We put in a movie and Hannah stops pushing me to solve all my shit. When it’s over, I lay on the couch with my elbow hooked over my eyes and bake some more while she showers and changes.
It’s late in the afternoon when she drops me at my depressing apartment. It’s almost comforting to find the same group of gang bangers hanging around their cluster of low-riders.
“My car’s still here, so that’s something,” I say, stepping out of Hanna’s car.
“You’re going to be okay?” she asks, her eyes full of concern as they shoot to the bangers and back.
“Professor!” one of them calls. He grins as he raises a hand and metal teeth flash in the sun.
“Yeah,” I say, leaning down and looking at her through the open passenger window. “My homies missed me.”
“Call me later, okay?”
I nod. “Thanks for everything.”
I turn and climb the stairs into my apartment, then crawl into bed and stay there for the next two days.
Chapter 21
Blaire
The global sick feeling, like toxic swamp mud oozing through my veins, has finally started to fade.
It started with a movie, just like Nate promised. He bought us a bucket of popcorn and a large soda to share, and about halfway through the flick, I reached for his greasy hand and held it in mine, just to prove to myself I could. Something about facing down my fears and wanting desperately for something in my life to feel normal again.
A week later, we went to the lake. When he asked why I didn’t wear a swimsuit, I told him I was on my period. I sat in the sun and sweated in my jeans and sweatshirt, afraid if I showed Nate too much of myself, he might get the idea I was good to go. But by the end of the day, when he ran up onto the beach soaking wet and shook himself all over me like a dog, I swallowed the current of electric terror and I let him kiss me.

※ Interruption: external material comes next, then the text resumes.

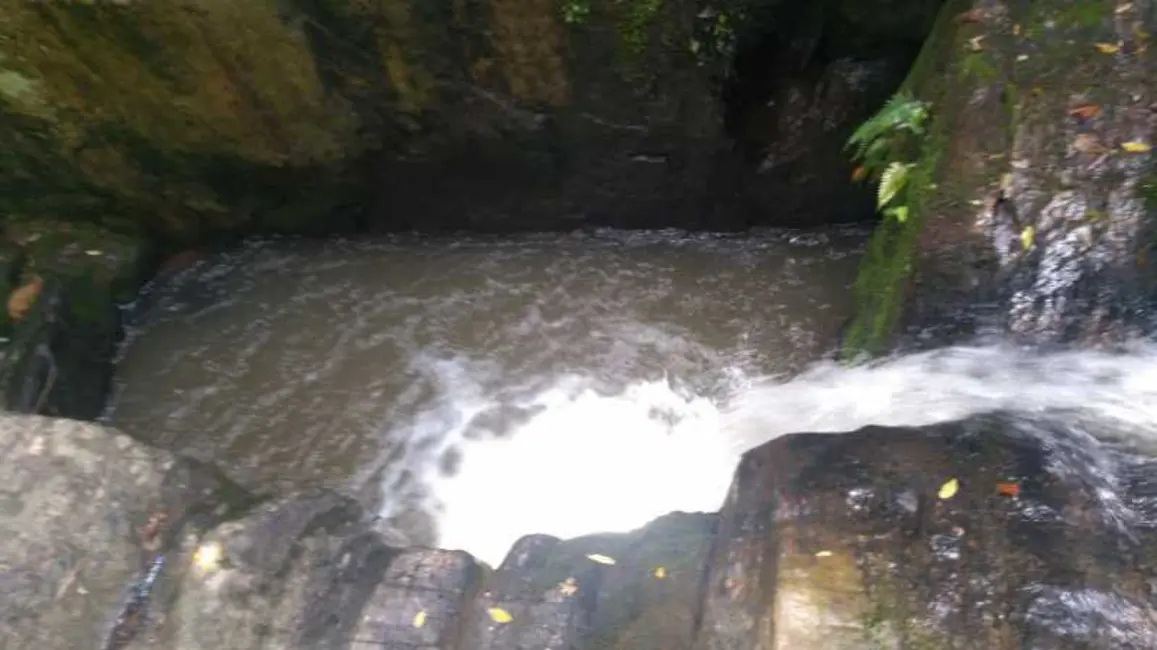 Foto 1 de Sítio / Rancho com 2 quartos à venda, 354m2 em Engenheiro Paulo De Frontin - RJ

Two weeks ago, he took me for a burger and we made out in his car after. I gripped the upholstery and let him touch me through my clothes. When he brought me home, he told Marcus we were dating.

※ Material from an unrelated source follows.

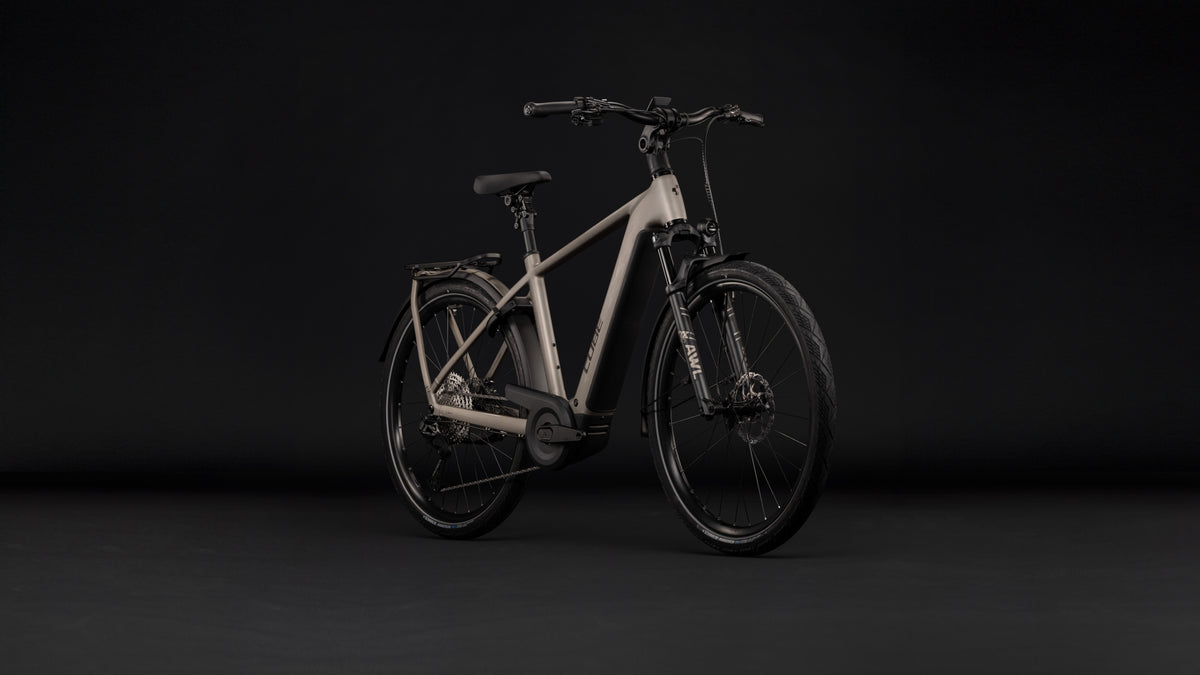 Cube Kathmandu Hybrid SLX 800 Diamant flashstone´n´chrome (2027)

Marcus still isn’t speaking to either of us.
I have to say, the fact that Nate’s risked his brotherhood with Marcus for me says more than anything else he could have done. I mean more to him than even Marcus. But it hurts that it’s driven Marcus and I even farther apart. I feel like I’m floating alone in the world with no one but Nate.
Since then, we’ve gone to parties together and started hanging out with Zoey and some kids from my graduating class who decided I was cool after my graduation speech. We’ve made out and there’s been some groping, but he hasn’t pushed for sex.
Nate tells everyone he’s my boyfriend. I’m starting to get used to it. I’m pretty sure now that if he’d heard me say no on graduation night, he would have stopped.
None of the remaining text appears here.